By Richard Martin
(Reuters) – Russia have badly under-performed since reaching the Euro 2008 semi-finals and, with a squad lacking in quality and experience plus poor recent results, there is a real danger of an embarrassing early exit as World Cup hosts.
South Africa are the only host nation to have failed to get out of the group stage and Russia will have to put on their best display at a World Cup since the collapse of the Soviet Union if they are to avoid the same fate.
They fell at the first hurdle in 1994, 2002 and 2014 but their saving grace as they try to make it fourth time lucky is a generous draw alongside Saudi Arabia, Uruguay and Egypt in Group A.
With Uruguay expected to top the group, it is paramount that the hosts get off to a winning a start against Saudi Arabia at the Luzhniki stadium on June 14, before facing Mohamed Salah’s Egypt and finally the South Americans, led by powerful strikers Edinson Cavani and Luis Suarez.
Even if they can get out of their group, Russia are likely to face a daunting last-16 game against either European champions Portugal or a resurgent Spain, meaning their stay in the tournament is unlikely to be a long one.
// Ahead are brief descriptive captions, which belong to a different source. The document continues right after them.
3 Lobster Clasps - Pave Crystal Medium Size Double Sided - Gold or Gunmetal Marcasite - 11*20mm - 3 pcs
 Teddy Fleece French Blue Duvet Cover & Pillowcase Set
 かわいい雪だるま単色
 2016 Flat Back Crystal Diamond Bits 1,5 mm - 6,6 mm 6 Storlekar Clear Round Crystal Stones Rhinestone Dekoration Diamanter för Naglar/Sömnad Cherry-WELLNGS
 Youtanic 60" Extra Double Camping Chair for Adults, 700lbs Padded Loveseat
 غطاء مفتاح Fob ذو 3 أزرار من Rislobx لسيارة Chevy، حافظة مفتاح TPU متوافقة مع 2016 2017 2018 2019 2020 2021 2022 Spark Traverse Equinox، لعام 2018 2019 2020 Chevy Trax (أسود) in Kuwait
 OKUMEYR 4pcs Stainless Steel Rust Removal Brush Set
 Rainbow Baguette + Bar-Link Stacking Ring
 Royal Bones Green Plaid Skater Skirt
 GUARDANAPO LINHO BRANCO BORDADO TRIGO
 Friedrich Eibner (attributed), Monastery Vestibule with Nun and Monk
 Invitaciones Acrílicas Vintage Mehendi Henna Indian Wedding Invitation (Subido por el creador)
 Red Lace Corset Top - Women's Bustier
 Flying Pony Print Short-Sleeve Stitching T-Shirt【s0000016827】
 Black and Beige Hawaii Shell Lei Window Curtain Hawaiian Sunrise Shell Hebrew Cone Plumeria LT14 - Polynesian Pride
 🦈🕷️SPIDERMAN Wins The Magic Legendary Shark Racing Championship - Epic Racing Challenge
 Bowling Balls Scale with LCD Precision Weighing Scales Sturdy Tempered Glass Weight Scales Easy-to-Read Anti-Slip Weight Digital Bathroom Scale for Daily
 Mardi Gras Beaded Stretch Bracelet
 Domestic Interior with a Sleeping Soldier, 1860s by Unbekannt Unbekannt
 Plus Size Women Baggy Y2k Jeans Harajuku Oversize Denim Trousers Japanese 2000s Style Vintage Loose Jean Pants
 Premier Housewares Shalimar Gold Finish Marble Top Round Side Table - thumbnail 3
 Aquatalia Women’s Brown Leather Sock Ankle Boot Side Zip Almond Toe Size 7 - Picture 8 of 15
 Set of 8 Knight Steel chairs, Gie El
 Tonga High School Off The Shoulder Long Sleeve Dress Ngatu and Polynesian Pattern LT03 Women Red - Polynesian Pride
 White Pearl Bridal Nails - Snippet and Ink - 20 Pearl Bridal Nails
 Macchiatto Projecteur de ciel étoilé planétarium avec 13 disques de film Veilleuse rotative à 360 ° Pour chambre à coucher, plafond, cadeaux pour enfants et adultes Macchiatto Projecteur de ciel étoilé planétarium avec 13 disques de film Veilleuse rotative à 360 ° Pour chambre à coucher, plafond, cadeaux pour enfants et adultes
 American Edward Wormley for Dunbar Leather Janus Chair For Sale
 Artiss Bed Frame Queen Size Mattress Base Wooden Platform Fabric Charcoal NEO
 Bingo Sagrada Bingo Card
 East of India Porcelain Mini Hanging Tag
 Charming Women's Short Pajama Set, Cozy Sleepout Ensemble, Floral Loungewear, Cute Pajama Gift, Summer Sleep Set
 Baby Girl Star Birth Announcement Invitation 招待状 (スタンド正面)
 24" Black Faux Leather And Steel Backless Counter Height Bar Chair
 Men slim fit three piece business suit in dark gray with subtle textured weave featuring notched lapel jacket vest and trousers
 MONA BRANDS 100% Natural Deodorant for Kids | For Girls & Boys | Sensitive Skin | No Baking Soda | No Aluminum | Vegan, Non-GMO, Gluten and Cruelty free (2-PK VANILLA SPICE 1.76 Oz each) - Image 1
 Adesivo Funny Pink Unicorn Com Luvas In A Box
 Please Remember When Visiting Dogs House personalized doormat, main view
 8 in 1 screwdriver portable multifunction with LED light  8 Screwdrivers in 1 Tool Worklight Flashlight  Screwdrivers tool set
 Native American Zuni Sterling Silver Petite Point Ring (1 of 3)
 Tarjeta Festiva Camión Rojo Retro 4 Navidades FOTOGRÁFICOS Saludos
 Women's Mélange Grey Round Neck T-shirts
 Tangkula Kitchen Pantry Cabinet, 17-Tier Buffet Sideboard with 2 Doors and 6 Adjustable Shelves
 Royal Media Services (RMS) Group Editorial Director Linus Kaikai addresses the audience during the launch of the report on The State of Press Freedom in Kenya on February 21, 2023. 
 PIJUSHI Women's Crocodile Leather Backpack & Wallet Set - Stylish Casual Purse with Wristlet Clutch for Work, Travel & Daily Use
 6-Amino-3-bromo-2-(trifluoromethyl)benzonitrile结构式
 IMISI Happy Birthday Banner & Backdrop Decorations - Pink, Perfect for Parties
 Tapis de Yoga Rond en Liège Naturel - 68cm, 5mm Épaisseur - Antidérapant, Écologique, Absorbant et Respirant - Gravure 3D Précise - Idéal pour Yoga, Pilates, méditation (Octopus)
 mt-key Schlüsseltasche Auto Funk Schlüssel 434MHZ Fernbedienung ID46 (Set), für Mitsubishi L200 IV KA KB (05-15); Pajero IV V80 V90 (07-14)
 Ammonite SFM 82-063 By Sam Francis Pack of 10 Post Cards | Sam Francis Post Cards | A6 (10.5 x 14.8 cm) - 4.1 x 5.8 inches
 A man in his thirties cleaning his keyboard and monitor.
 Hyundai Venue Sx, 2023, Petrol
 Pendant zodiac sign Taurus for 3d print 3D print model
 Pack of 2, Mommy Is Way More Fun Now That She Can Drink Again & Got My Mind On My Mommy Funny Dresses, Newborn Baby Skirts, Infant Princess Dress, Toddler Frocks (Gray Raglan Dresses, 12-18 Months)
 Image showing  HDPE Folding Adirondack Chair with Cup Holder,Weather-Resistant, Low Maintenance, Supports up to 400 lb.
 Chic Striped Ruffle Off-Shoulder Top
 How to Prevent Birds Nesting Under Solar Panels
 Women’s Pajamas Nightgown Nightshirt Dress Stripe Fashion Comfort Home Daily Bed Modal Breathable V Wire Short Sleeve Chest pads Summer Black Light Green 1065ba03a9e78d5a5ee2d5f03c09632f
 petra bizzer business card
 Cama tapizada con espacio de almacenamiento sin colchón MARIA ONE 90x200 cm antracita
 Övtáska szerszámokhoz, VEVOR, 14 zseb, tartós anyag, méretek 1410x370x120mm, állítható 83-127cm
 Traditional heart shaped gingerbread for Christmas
Russia’s preparations for their first World Cup as hosts have been far from ideal. They sacked coach Leonid Slutsky after finishing bottom of their group in Euro 2016, replacing him with former national team goalkeeper Stanislav Cherchesov.
Cherchesov got off to a rocky start, losing three of his first six games in charge, including a highly embarrassing 2-1 defeat by Qatar in November, 2016.
The team also had a disappointingly short stay in the Confederations Cup, coming third in their group behind Portugal and Mexico. Rumours swirled that Cherchesov’s job was at risk but he clung on.
Shorn of competitive football due to qualifying as hosts, Russia have spent the last year playing friendlies against some of the leading sides in the world.
Russia enjoyed a 4-2 victory over South Korea in October but they have failed to win any of their five games since. They have put in respectable performances, though, battling back to draw 3-3 with Spain and losing 1-0 to Argentina.
Krasnodar striker Fyodor Smolov is their best hope of scoring the goals they will need to get out of the group while 22-year-old Lokomotiv Moscow playmaker Aleksei Miranchuk is their creative spark.
Goalkeeper and captain Igor Akinfeev of CSKA Moscow is their most experienced player, with 104 caps.